Write out exactly the lines of the material below, beginning at the top and ending at the line that contains "Cama box spring".
----------
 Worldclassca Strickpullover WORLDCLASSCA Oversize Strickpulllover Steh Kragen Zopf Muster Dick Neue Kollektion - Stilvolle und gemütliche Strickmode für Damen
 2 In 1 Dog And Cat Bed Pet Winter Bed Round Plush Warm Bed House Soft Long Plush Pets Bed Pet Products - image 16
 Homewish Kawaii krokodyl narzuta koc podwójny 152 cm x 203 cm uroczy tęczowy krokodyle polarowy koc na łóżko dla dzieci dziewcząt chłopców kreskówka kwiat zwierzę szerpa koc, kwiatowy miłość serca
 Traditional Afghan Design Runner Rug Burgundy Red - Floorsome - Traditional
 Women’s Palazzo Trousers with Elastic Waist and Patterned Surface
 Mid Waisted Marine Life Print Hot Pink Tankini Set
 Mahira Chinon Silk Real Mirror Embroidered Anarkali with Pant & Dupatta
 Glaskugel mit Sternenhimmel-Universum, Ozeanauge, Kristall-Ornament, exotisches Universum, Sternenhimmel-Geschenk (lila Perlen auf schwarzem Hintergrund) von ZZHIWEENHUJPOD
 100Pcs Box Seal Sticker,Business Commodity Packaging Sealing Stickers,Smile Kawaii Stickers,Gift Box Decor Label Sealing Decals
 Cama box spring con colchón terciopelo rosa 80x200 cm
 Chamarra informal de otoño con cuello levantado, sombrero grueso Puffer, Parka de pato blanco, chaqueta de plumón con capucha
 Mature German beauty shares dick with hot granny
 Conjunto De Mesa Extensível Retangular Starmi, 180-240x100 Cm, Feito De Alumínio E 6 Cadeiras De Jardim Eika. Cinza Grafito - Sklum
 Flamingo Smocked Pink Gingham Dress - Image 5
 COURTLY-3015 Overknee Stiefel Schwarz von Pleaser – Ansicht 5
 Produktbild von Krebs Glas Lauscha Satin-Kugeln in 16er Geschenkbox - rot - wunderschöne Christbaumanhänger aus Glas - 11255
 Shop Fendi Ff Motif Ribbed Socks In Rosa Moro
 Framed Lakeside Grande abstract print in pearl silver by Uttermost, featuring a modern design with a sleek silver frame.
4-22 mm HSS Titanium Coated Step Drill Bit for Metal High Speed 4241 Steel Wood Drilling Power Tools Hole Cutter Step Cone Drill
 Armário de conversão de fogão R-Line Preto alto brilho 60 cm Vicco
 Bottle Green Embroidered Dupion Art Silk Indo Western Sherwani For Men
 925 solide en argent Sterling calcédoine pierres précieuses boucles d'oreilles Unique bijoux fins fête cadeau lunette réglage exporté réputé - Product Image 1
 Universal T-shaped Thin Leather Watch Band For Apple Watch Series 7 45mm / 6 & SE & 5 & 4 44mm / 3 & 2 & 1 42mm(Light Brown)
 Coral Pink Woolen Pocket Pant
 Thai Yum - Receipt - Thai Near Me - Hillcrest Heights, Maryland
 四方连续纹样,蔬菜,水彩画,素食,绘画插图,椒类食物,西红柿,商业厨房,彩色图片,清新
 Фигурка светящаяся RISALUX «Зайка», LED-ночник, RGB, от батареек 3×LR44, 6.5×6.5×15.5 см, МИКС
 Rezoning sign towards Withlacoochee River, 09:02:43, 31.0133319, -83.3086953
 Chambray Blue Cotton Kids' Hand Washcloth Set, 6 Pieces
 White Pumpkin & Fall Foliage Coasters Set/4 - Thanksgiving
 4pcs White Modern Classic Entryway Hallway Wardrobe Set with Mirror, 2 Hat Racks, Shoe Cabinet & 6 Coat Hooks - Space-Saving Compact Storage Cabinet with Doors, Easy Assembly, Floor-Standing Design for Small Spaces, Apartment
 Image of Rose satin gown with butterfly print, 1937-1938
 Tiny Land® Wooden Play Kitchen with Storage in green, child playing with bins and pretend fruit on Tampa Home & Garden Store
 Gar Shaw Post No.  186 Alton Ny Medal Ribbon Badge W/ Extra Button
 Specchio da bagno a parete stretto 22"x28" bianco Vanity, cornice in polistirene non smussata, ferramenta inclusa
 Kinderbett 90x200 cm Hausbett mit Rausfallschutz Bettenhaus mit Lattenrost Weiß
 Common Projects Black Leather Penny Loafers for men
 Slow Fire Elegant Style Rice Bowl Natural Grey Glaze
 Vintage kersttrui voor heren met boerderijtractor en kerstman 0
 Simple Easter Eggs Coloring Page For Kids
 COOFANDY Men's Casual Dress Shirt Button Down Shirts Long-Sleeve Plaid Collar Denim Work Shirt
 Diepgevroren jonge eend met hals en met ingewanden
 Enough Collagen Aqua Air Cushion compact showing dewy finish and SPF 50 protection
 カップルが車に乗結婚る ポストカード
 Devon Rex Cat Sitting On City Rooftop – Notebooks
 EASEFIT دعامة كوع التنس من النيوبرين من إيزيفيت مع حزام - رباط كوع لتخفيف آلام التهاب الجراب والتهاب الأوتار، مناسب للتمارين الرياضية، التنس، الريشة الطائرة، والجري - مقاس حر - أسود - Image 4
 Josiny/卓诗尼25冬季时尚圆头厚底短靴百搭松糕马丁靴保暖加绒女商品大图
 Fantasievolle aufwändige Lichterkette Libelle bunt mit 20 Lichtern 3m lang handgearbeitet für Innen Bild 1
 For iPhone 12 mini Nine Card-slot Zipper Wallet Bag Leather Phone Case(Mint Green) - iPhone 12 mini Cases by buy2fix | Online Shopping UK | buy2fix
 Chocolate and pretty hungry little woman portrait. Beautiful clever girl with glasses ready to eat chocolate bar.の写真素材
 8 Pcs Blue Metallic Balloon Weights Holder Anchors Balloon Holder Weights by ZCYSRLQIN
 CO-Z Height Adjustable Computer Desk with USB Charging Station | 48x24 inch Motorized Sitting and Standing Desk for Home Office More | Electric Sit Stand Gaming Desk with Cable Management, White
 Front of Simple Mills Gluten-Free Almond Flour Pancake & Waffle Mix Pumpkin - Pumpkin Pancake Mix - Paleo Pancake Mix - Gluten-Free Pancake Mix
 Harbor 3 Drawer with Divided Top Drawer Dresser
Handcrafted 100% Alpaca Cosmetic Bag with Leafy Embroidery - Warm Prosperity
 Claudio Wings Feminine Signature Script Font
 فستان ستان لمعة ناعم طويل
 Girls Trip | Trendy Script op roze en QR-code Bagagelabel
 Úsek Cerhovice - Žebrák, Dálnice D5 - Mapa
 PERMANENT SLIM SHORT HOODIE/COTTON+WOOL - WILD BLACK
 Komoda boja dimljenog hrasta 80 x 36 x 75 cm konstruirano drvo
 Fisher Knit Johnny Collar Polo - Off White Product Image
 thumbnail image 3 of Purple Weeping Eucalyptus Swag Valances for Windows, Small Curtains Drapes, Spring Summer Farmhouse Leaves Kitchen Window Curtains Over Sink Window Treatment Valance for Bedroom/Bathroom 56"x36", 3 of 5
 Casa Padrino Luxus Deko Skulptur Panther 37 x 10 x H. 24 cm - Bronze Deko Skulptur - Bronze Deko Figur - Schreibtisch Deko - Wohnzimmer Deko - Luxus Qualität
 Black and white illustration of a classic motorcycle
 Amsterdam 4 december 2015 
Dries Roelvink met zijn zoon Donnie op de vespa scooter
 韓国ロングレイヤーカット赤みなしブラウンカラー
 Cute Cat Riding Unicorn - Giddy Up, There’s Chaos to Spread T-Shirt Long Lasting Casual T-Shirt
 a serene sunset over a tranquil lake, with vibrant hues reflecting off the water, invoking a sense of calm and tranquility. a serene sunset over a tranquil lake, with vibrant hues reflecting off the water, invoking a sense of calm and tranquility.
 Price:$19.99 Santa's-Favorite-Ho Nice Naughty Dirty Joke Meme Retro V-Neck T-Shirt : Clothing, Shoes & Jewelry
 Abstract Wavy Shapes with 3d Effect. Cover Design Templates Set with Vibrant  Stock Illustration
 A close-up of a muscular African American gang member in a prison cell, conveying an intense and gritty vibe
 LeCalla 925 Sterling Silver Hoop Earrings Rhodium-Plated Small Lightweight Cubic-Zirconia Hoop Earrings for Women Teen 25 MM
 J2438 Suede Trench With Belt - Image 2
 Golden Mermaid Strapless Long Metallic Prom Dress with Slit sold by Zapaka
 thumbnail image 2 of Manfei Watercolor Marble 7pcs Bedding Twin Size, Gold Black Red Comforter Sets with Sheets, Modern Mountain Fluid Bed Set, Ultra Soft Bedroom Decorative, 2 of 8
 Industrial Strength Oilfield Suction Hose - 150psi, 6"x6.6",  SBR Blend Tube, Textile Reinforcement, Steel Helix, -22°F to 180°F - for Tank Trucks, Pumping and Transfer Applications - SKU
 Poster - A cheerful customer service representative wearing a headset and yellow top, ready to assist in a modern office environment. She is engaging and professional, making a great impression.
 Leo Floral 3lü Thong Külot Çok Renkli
----------
▶ OUTPUT OF THE TASK:
 Worldclassca Strickpullover WORLDCLASSCA Oversize Strickpulllover Steh Kragen Zopf Muster Dick Neue Kollektion - Stilvolle und gemütliche Strickmode für Damen
 2 In 1 Dog And Cat Bed Pet Winter Bed Round Plush Warm Bed House Soft Long Plush Pets Bed Pet Products - image 16
 Homewish Kawaii krokodyl narzuta koc podwójny 152 cm x 203 cm uroczy tęczowy krokodyle polarowy koc na łóżko dla dzieci dziewcząt chłopców kreskówka kwiat zwierzę szerpa koc, kwiatowy miłość serca
 Traditional Afghan Design Runner Rug Burgundy Red - Floorsome - Traditional
 Women’s Palazzo Trousers with Elastic Waist and Patterned Surface
 Mid Waisted Marine Life Print Hot Pink Tankini Set
 Mahira Chinon Silk Real Mirror Embroidered Anarkali with Pant & Dupatta
 Glaskugel mit Sternenhimmel-Universum, Ozeanauge, Kristall-Ornament, exotisches Universum, Sternenhimmel-Geschenk (lila Perlen auf schwarzem Hintergrund) von ZZHIWEENHUJPOD
 100Pcs Box Seal Sticker,Business Commodity Packaging Sealing Stickers,Smile Kawaii Stickers,Gift Box Decor Label Sealing Decals
 Cama box spring con colchón terciopelo rosa 80x200 cm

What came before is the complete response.